Cuatro funcionarios policiales, entre ellos una mujer, murieron apuñalados este jueves en el interior de la central de la policía en París, agredidos por un empleado que fue abatido por las fuerzas del orden.

"Lamentamos la muerte de cuatro personas, tres hombres y una mujer. Tres funcionarios policiales y un agente administrativo", declaró a la prensa el fiscal de París, Rémi Heitz.

Otra víctima fue hospitalizada en estado muy grave.

El autor es un hombre de 45 años, añadió el fiscal. Un hombre que según fuentes de la Prefectura trabajaba como técnico informático en la Dirección de inteligencia de la prefectura de policía desde hacía unos 20 años y sufría de sordera.

Nacido en las Antillas francesas, el asaltante se convirtió al islam hace 18 meses, indicó a la AFP una fuente cercana al caso.

Las autoridades abrieron una investigación por "homicidios voluntarios", sin intervención de la fiscalía antiterrorista.

"No había mostrado nunca dificultades de comportamiento" destacó el ministro de Interior, Christophe Castaner, que aplazó un viaje a Turquía y Grecia a causa de la tragedia.

El presidente, Emmanuel Macron, lamentó "un verdadero drama" tras haber acudido junto a Castaner al lugar del ataque.

La mujer del agresor fue detenida como parte de las investigaciones, informó la fiscalía.

La agresión, un hecho inédito en la historia de la policía francesa, se produjo en la Prefectura, en pleno centro de París, cerca de la catedral de Notre Dame.

El atacante atacó primero con un cuchillo de cocina a tres personas que se hallaban en las oficinas del departamento en el que trabajaba. Luego bajó por unas escaleras y acuchilló a dos personas más, una de las cuales quedó herida de gravedad.

Al llegar al patio interior del edificio, un policía le dio el alto y luego lo abatió de un disparo en la cabeza.

"La gente corría, gritando", declaró Emery Siamandi, un intérprete que estaba en el edificio en el momento del ataque. "Oí un disparo. Momentos después vi a la policía gritando, en pánico", agregó.

El agresor era "un empleado modélico, sin historias", explicó el delegado sindical.

Desde 2015, Francia ha sido escenario de varios ataques atribuidos a grupos yihadistas, que incluyeron ataques sincronizados y agresiones aisladas con arma blanca. En total, 251 personas han perdido la vida en estos ataques y el país sigue hasta hoy en estado de alerta.

"Ver a un colega atacar a otros colegas, eso es algo increíble para un policía" comentó otro responsable sindical, Denis Jacob.

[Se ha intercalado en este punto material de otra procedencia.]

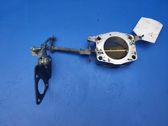 Throttle valve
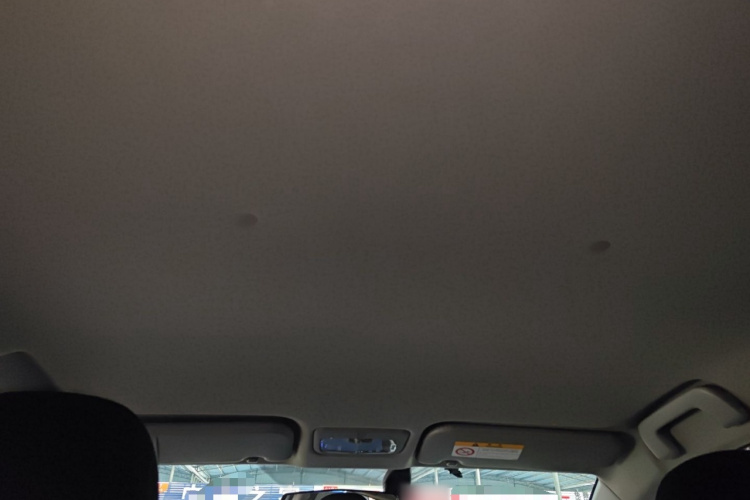 丰田 威驰FS 2017款 1.5L CVT锋驰版中控内饰22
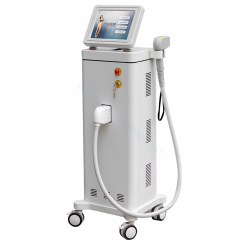 Soprano ice cooling diode laser hair removal machine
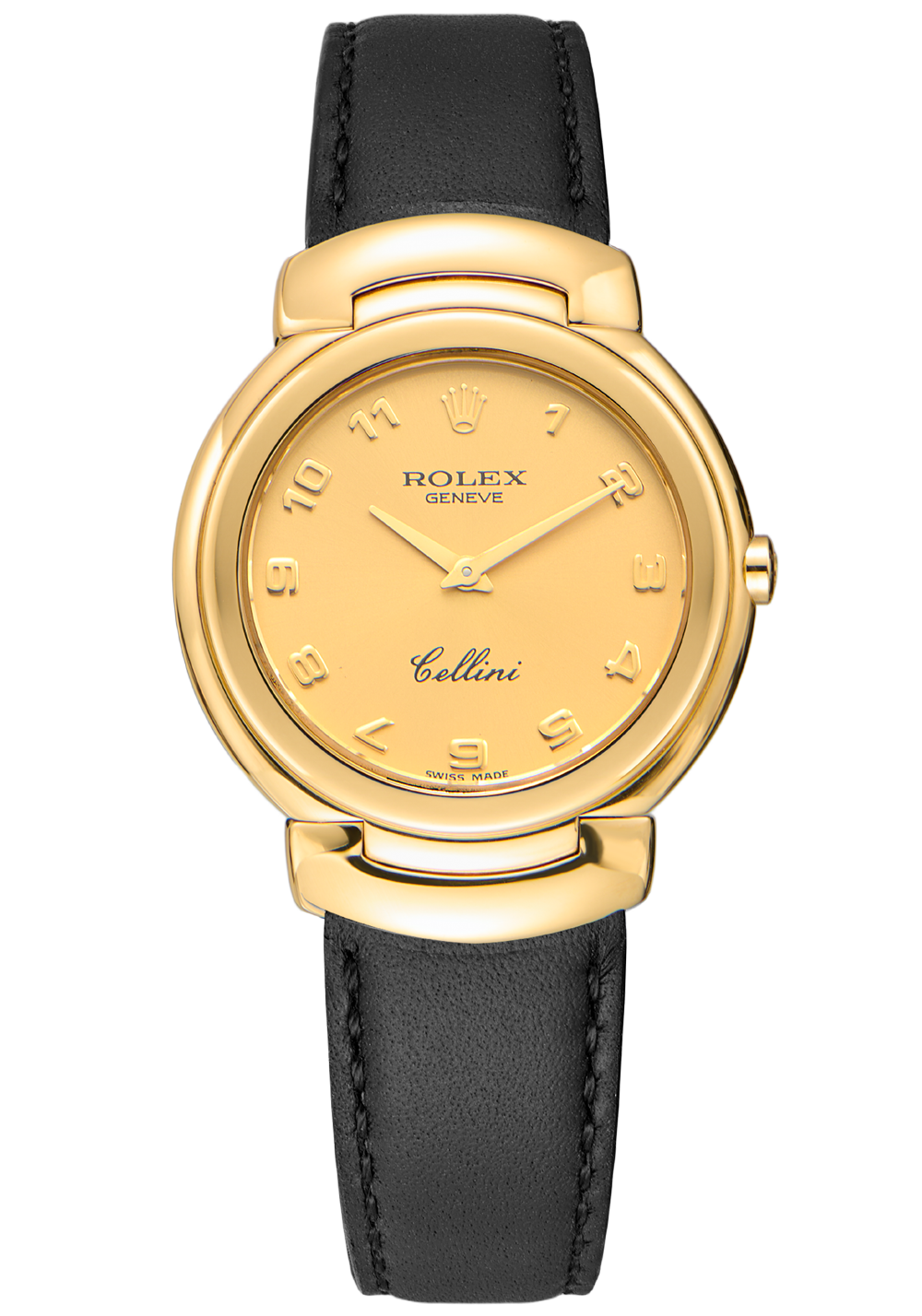 Швейцарские часы Rolex Cellini Quartz 6622(53753) №3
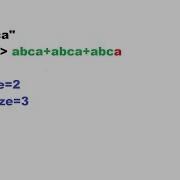 HACKERRANK REPEATED STRING SOLUTION RUBY
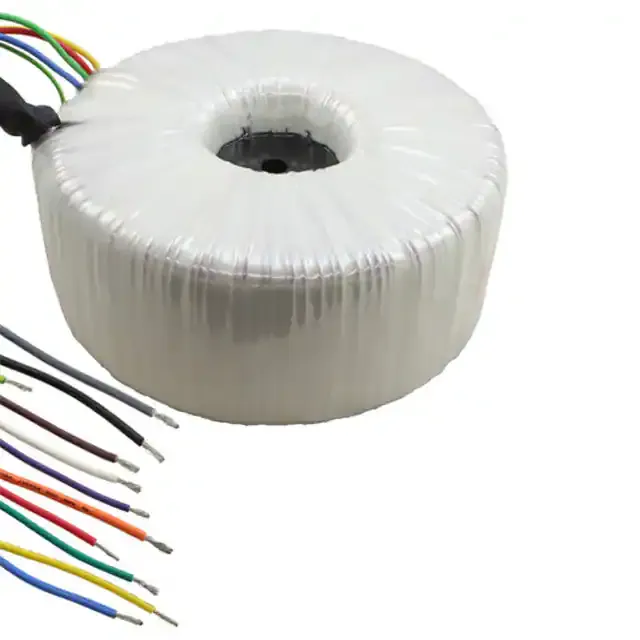 3000MD-1-003 (XFMR TOROIDAL MED GRADE 3000VA)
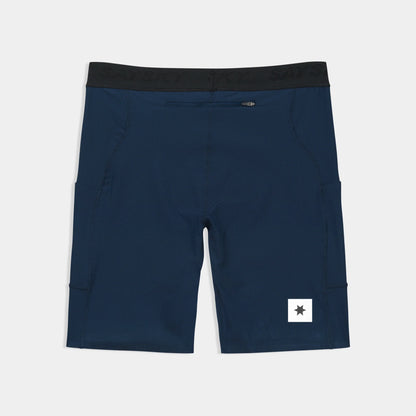 Mens Saysky Combat+ Rib Short Tights 8"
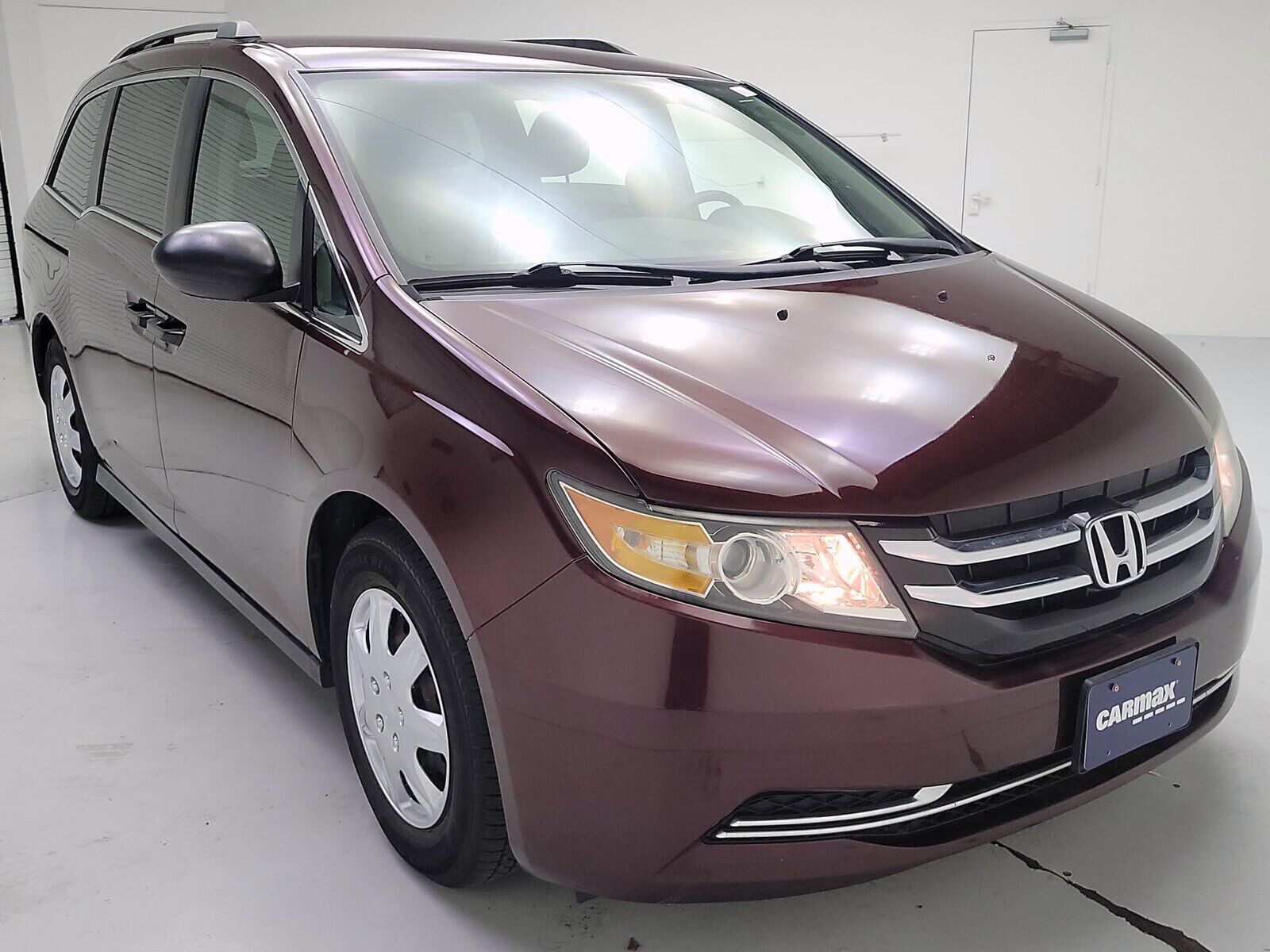 2015 HONDA Odyssey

A su juicio, el ataque sería una muestra de "ruptura del vínculo entre nosotros" y de "deshumanización de la institución".

Esta agresión se produjo por otro lado un día después de una manifestación de miles de policías en París para llamar la atención pública sobre el malestar que reina dentro de la institución, el aumento de los suicidios y la reforma del sistema de pensiones.

Según los sindicatos, 26.000 policías participaron en esta manifestación. En Francia hay un total de 150.000 policías. Francia no había vivido una manifestación policial tan unitaria desde 2001.

A diferencia de precedentes movilizaciones, el desencadenante no fue una tragedia, sino el desgaste operacional vinculado al movimiento de los "chalecos amarillos", que desde hace casi un año denuncia la política social y fiscal del gobierno, a lo que se une una ola de suicidios de miembros de la policía (52 desde enero), un mal endémico en esta institución.

Los policías también están preocupados por los proyectos de reforma de las jubilaciones, ante el temor de perder las ventajas de su sistema de retiro.